Celer Network is the world’s only and first generalized state channel network launched. Since its alpha mainnet launch in July 2019, Celer Network has processed more than $1.7M transactions for 12,000 users around the globe.
Today, we are excited to announce the release of the full open-source protocol specification of Celer Network’s state channel. You can access the specification in CelerCore doc. To support the growing and large-scale production use, we leverage a layered and end-to-end design principle in the design and implementation. In this blog, we will talk about these key design principles through a high-level walkthrough of the newly released open-source specification. We look forward to the community’s feedback and questions!
A Layered and Decoupled Architecture
Celer network is designed around a three-layered and decoupled architecture as shown in the picture above.
In the lowest layer are the state channel smart contracts that are responsible for holding the fund for state channel networks, resolving conditional payment and adjudicating state channel application disputes. State channel clients and full nodes will interact with these on-chain smart contract to open channels, deposit, withdrawal and settle channels with uncooperative counterparties.
In the middle is a generic payment network, also known as CelerPay Network. This network consists of client nodes and off-chain service provider nodes (OSPs) (i.e., full Celer Network nodes). The main difference between Celer’s generic payment network and simple payment networks like Raiden or Lightning is that it can support the functionality of multi-hop conditional payment protocol.
To explain what a conditional payment is, let’s take a look at an example. When Alice sends a conditional payment with X ETH to Bob across multiple OSPs in Celer Network, the X ETH won’t be immediately available to Bob but is in a “committed” state with conditional dependency that will be resolved later. The condition can be literally anything that you can verify and get result on-chain: Oracle input, NFT ownership change, rollup chain state and finally and of course, state channel application’s final outcome states. The final amount that Alice sent to Bob can fall in the range between 0 to X and is determined by evaluating the outcome of the conditional dependency using any arbitrary function.
In other words, sending a conditional payment that conditionally depends on the outcome of a state channel application in layer-2 is equivalent to sending funds to a smart contract application in layer-1. Therefore, we call this process of sending conditional payment the fund allocation process in the state channel applications.
The third layer is the application layer, i.e., CelerApp. In the context of the generalized state channel, conditional payment often depends on state channel program outcomes. A state progression protocol between state channel application participants is needed to start an application with an initial state and then progress the state all the way to the final state either through collaborative mechanisms or adjudication in a dispute. In Celer Network, we provide frameworks for application developers to easily write smart contracts that can run off-chain as generalized state channel applications by simply implementing some standard interfaces in a turn-based state-machine smart contracts. With these interfaces implemented, all the state progression and state adjudication will be automatically handled by the Celer Network software without any additional logic from the developer.

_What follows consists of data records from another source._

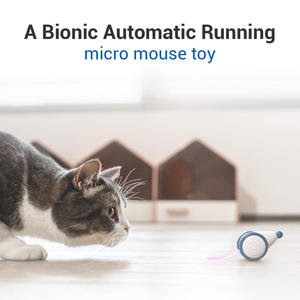 Cheerble 2024 all'ingrosso elettrico intelligente giocattoli interattivi per animali domestici auto-movimento giocando al coperto di addestramento del Mouse giocattoli per gatti - Product Image 5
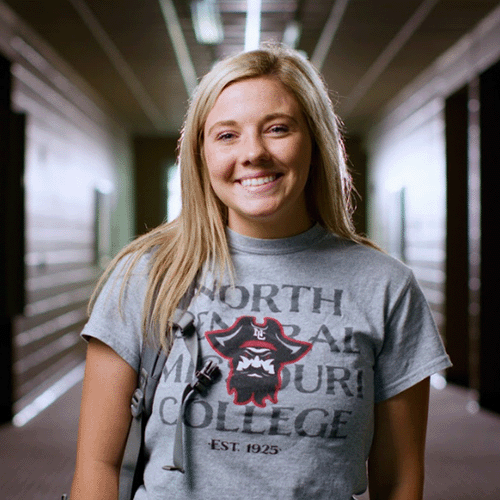 Student in the hall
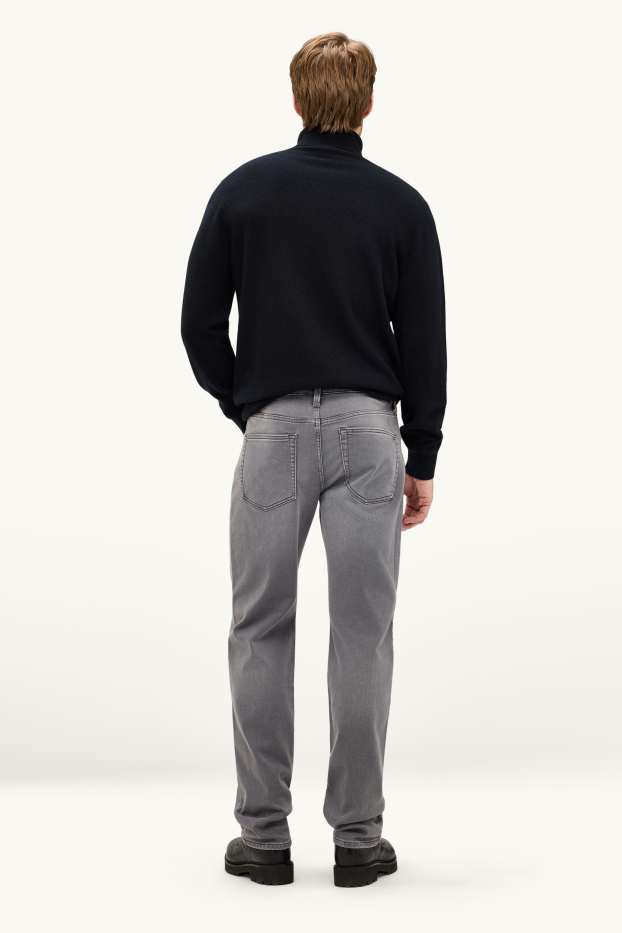 Hommes - Straight jean - jean chaud - jean gris foncé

The design goals for this state channel networks are:
- Low cost
With these goals at the heart, we have the following design concrete principles to guide the entire protocol and system design:
Minimize on-chain footprint
On-chain transactions are expensive and slow, so the top priority is to make state transitions always stay off-chain, and only resort to on-chain operation when absolutely necessary (e.g., when two parties disagree on a state, or deposit/withdraw fund to/from the channel).
Another important aspect is to minimize the cost of each on-chain operation through thorough smart contract optimization. Some common practices (ranked by importance) include avoiding contract deployment by users, minimizing the number of transactions per business-level operation, and minimizing on-chain storage per channel.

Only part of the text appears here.